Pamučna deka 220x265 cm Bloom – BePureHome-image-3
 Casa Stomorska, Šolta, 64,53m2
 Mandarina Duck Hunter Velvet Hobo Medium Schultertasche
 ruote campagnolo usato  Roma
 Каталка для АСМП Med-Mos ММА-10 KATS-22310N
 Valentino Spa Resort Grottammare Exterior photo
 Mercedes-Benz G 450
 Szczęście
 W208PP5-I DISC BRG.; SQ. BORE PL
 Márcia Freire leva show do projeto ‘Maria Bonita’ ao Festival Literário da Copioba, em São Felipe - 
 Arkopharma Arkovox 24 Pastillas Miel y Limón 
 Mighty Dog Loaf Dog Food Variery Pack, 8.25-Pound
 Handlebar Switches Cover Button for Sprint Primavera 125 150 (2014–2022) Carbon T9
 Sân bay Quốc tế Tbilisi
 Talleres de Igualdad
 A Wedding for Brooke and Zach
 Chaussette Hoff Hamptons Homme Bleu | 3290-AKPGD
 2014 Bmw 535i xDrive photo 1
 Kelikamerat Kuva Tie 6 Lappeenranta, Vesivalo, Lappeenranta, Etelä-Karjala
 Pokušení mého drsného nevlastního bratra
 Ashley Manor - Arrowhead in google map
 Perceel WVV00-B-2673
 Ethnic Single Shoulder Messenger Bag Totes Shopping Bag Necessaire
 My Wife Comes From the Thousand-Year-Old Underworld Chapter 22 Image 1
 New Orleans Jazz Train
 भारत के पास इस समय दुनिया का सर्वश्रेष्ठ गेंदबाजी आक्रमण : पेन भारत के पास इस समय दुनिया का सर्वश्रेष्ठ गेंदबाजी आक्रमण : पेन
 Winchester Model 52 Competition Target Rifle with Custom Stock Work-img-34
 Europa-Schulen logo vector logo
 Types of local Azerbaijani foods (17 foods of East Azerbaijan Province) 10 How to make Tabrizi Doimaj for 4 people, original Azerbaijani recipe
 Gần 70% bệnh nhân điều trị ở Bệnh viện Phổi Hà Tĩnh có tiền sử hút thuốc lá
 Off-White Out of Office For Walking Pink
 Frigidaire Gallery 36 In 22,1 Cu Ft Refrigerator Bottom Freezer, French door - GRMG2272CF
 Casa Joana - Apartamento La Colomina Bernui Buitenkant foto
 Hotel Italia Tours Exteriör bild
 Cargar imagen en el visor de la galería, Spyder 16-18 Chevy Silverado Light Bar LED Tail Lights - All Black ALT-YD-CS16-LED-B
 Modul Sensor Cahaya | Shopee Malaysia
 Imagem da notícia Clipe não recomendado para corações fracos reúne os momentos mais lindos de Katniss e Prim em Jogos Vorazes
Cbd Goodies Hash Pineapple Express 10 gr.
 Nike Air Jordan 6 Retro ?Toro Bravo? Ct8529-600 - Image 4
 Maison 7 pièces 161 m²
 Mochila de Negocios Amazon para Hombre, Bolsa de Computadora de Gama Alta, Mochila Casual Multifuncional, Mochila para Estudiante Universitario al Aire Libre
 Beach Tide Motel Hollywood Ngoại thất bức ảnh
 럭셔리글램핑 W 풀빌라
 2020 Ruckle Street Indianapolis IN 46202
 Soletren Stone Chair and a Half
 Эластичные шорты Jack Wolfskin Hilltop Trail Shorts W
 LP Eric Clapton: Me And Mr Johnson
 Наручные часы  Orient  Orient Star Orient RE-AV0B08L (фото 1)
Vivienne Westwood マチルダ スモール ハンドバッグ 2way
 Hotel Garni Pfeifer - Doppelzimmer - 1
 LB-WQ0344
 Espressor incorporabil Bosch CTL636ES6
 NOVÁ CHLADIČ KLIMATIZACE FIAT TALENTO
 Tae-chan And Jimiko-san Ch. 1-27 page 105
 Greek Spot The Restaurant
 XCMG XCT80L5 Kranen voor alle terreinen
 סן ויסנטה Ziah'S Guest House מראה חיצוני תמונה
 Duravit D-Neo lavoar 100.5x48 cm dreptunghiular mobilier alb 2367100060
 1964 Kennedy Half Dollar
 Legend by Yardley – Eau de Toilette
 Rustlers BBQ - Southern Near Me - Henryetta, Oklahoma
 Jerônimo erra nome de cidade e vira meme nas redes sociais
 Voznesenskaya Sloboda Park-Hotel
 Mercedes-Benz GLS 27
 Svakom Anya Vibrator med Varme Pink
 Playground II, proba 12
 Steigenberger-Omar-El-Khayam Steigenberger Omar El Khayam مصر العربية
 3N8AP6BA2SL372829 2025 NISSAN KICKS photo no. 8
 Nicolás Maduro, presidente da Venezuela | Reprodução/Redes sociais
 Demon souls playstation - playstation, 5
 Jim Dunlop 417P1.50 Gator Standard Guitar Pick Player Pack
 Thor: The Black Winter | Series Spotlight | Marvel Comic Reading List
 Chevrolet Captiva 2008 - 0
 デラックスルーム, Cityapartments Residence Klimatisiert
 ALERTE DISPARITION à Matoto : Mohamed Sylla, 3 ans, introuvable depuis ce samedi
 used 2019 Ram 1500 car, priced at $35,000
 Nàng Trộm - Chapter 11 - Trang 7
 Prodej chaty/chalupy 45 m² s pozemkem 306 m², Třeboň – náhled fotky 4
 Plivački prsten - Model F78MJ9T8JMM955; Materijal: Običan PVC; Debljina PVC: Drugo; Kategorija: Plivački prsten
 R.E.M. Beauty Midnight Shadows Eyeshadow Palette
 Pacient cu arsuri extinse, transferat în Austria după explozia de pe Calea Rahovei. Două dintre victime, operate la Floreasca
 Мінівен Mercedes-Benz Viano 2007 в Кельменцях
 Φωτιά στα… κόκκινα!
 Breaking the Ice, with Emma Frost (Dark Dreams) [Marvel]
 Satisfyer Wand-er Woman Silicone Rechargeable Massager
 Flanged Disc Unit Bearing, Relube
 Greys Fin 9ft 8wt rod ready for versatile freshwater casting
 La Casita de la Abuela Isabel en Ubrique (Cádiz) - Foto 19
####################
*Task*. Set every record down word for word, omitting none.

*Reply to the task*.
Pamučna deka 220x265 cm Bloom – BePureHome-image-3
 Casa Stomorska, Šolta, 64,53m2
 Mandarina Duck Hunter Velvet Hobo Medium Schultertasche
 ruote campagnolo usato  Roma
 Каталка для АСМП Med-Mos ММА-10 KATS-22310N
 Valentino Spa Resort Grottammare Exterior photo
 Mercedes-Benz G 450
 Szczęście
 W208PP5-I DISC BRG.; SQ. BORE PL
 Márcia Freire leva show do projeto ‘Maria Bonita’ ao Festival Literário da Copioba, em São Felipe - 
 Arkopharma Arkovox 24 Pastillas Miel y Limón 
 Mighty Dog Loaf Dog Food Variery Pack, 8.25-Pound
 Handlebar Switches Cover Button for Sprint Primavera 125 150 (2014–2022) Carbon T9
 Sân bay Quốc tế Tbilisi
 Talleres de Igualdad
 A Wedding for Brooke and Zach
 Chaussette Hoff Hamptons Homme Bleu | 3290-AKPGD
 2014 Bmw 535i xDrive photo 1
 Kelikamerat Kuva Tie 6 Lappeenranta, Vesivalo, Lappeenranta, Etelä-Karjala
 Pokušení mého drsného nevlastního bratra
 Ashley Manor - Arrowhead in google map
 Perceel WVV00-B-2673
 Ethnic Single Shoulder Messenger Bag Totes Shopping Bag Necessaire
 My Wife Comes From the Thousand-Year-Old Underworld Chapter 22 Image 1
 New Orleans Jazz Train
 भारत के पास इस समय दुनिया का सर्वश्रेष्ठ गेंदबाजी आक्रमण : पेन भारत के पास इस समय दुनिया का सर्वश्रेष्ठ गेंदबाजी आक्रमण : पेन
 Winchester Model 52 Competition Target Rifle with Custom Stock Work-img-34
 Europa-Schulen logo vector logo
 Types of local Azerbaijani foods (17 foods of East Azerbaijan Province) 10 How to make Tabrizi Doimaj for 4 people, original Azerbaijani recipe
 Gần 70% bệnh nhân điều trị ở Bệnh viện Phổi Hà Tĩnh có tiền sử hút thuốc lá
 Off-White Out of Office For Walking Pink
 Frigidaire Gallery 36 In 22,1 Cu Ft Refrigerator Bottom Freezer, French door - GRMG2272CF
 Casa Joana - Apartamento La Colomina Bernui Buitenkant foto
 Hotel Italia Tours Exteriör bild
 Cargar imagen en el visor de la galería, Spyder 16-18 Chevy Silverado Light Bar LED Tail Lights - All Black ALT-YD-CS16-LED-B
 Modul Sensor Cahaya | Shopee Malaysia
 Imagem da notícia Clipe não recomendado para corações fracos reúne os momentos mais lindos de Katniss e Prim em Jogos Vorazes
Cbd Goodies Hash Pineapple Express 10 gr.
 Nike Air Jordan 6 Retro ?Toro Bravo? Ct8529-600 - Image 4
 Maison 7 pièces 161 m²
 Mochila de Negocios Amazon para Hombre, Bolsa de Computadora de Gama Alta, Mochila Casual Multifuncional, Mochila para Estudiante Universitario al Aire Libre
 Beach Tide Motel Hollywood Ngoại thất bức ảnh
 럭셔리글램핑 W 풀빌라
 2020 Ruckle Street Indianapolis IN 46202
 Soletren Stone Chair and a Half
 Эластичные шорты Jack Wolfskin Hilltop Trail Shorts W
 LP Eric Clapton: Me And Mr Johnson
 Наручные часы  Orient  Orient Star Orient RE-AV0B08L (фото 1)
Vivienne Westwood マチルダ スモール ハンドバッグ 2way
 Hotel Garni Pfeifer - Doppelzimmer - 1
 LB-WQ0344
 Espressor incorporabil Bosch CTL636ES6
 NOVÁ CHLADIČ KLIMATIZACE FIAT TALENTO
 Tae-chan And Jimiko-san Ch. 1-27 page 105
 Greek Spot The Restaurant
 XCMG XCT80L5 Kranen voor alle terreinen
 סן ויסנטה Ziah'S Guest House מראה חיצוני תמונה
 Duravit D-Neo lavoar 100.5x48 cm dreptunghiular mobilier alb 2367100060
 1964 Kennedy Half Dollar
 Legend by Yardley – Eau de Toilette
 Rustlers BBQ - Southern Near Me - Henryetta, Oklahoma
 Jerônimo erra nome de cidade e vira meme nas redes sociais
 Voznesenskaya Sloboda Park-Hotel
 Mercedes-Benz GLS 27
 Svakom Anya Vibrator med Varme Pink
 Playground II, proba 12
 Steigenberger-Omar-El-Khayam Steigenberger Omar El Khayam مصر العربية
 3N8AP6BA2SL372829 2025 NISSAN KICKS photo no. 8
 Nicolás Maduro, presidente da Venezuela | Reprodução/Redes sociais
 Demon souls playstation - playstation, 5
 Jim Dunlop 417P1.50 Gator Standard Guitar Pick Player Pack
 Thor: The Black Winter | Series Spotlight | Marvel Comic Reading List
 Chevrolet Captiva 2008 - 0
 デラックスルーム, Cityapartments Residence Klimatisiert
 ALERTE DISPARITION à Matoto : Mohamed Sylla, 3 ans, introuvable depuis ce samedi
 used 2019 Ram 1500 car, priced at $35,000
 Nàng Trộm - Chapter 11 - Trang 7
 Prodej chaty/chalupy 45 m² s pozemkem 306 m², Třeboň – náhled fotky 4
 Plivački prsten - Model F78MJ9T8JMM955; Materijal: Običan PVC; Debljina PVC: Drugo; Kategorija: Plivački prsten
 R.E.M. Beauty Midnight Shadows Eyeshadow Palette
 Pacient cu arsuri extinse, transferat în Austria după explozia de pe Calea Rahovei. Două dintre victime, operate la Floreasca
 Мінівен Mercedes-Benz Viano 2007 в Кельменцях
 Φωτιά στα… κόκκινα!
 Breaking the Ice, with Emma Frost (Dark Dreams) [Marvel]
 Satisfyer Wand-er Woman Silicone Rechargeable Massager
 Flanged Disc Unit Bearing, Relube
 Greys Fin 9ft 8wt rod ready for versatile freshwater casting
 La Casita de la Abuela Isabel en Ubrique (Cádiz) - Foto 19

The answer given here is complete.